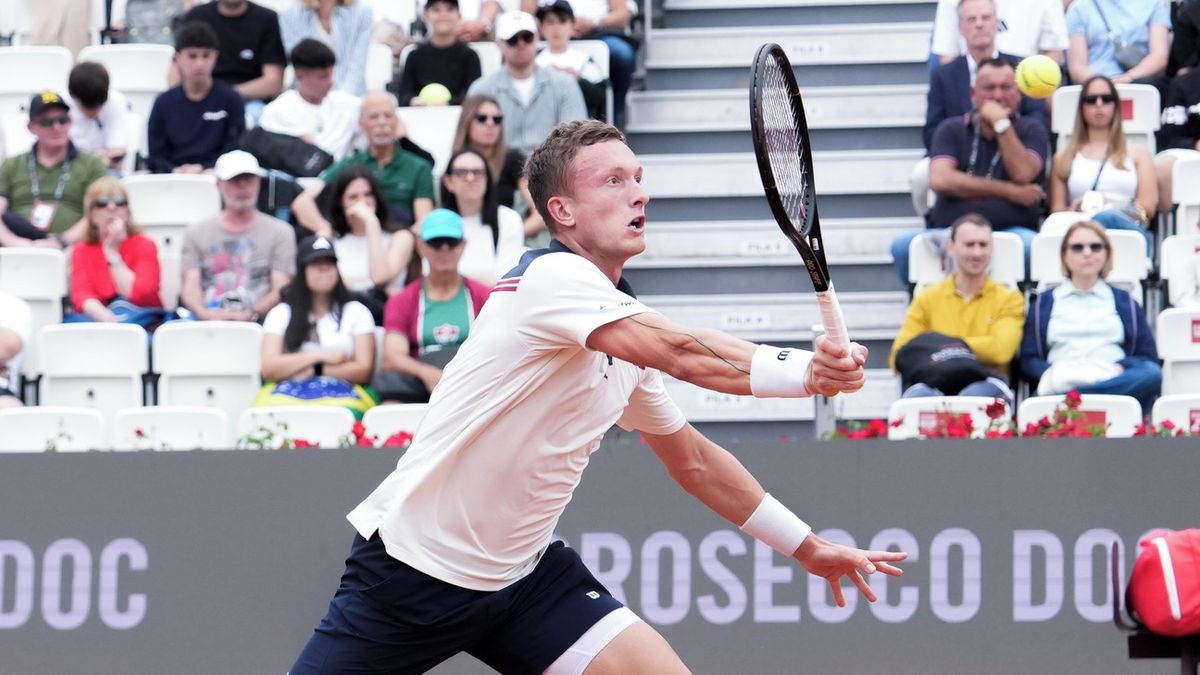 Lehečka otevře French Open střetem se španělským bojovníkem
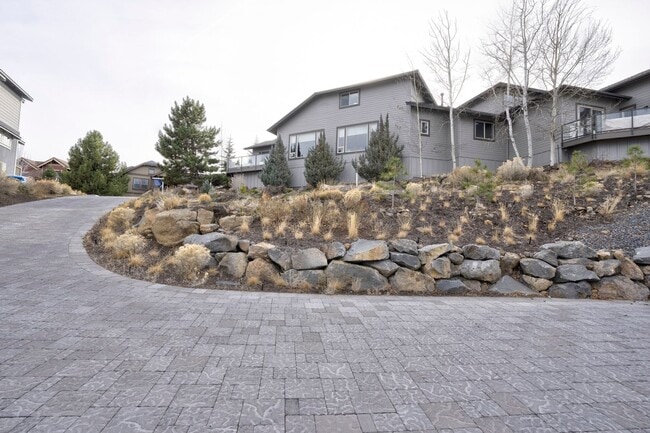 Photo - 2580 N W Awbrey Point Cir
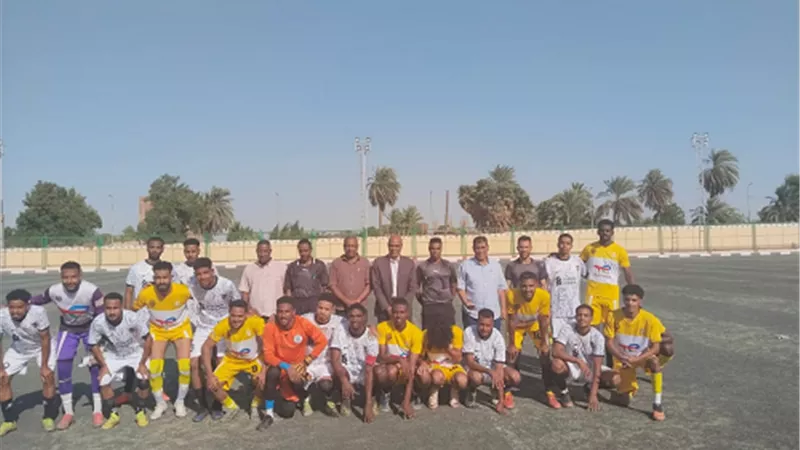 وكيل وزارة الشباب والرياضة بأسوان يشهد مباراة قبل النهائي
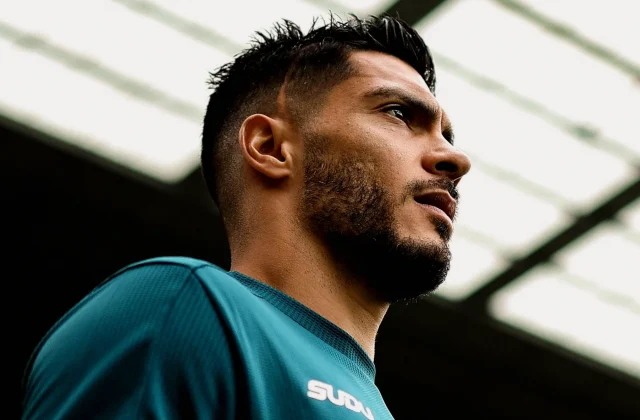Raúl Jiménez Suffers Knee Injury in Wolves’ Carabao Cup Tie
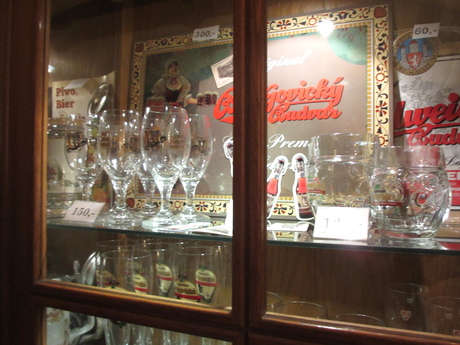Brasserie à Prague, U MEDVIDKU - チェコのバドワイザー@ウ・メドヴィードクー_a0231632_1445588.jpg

---------------

• [THE PROBLEM]
Please copy, exactly and only, the lines of the listing that run from the one holding "وكيل وزارة الشباب" through its last line, and exclude pictures.

• [REPLY]
 وكيل وزارة الشباب والرياضة بأسوان يشهد مباراة قبل النهائي
Raúl Jiménez Suffers Knee Injury in Wolves’ Carabao Cup Tie
Brasserie à Prague, U MEDVIDKU - チェコのバドワイザー@ウ・メドヴィードクー_a0231632_1445588.jpg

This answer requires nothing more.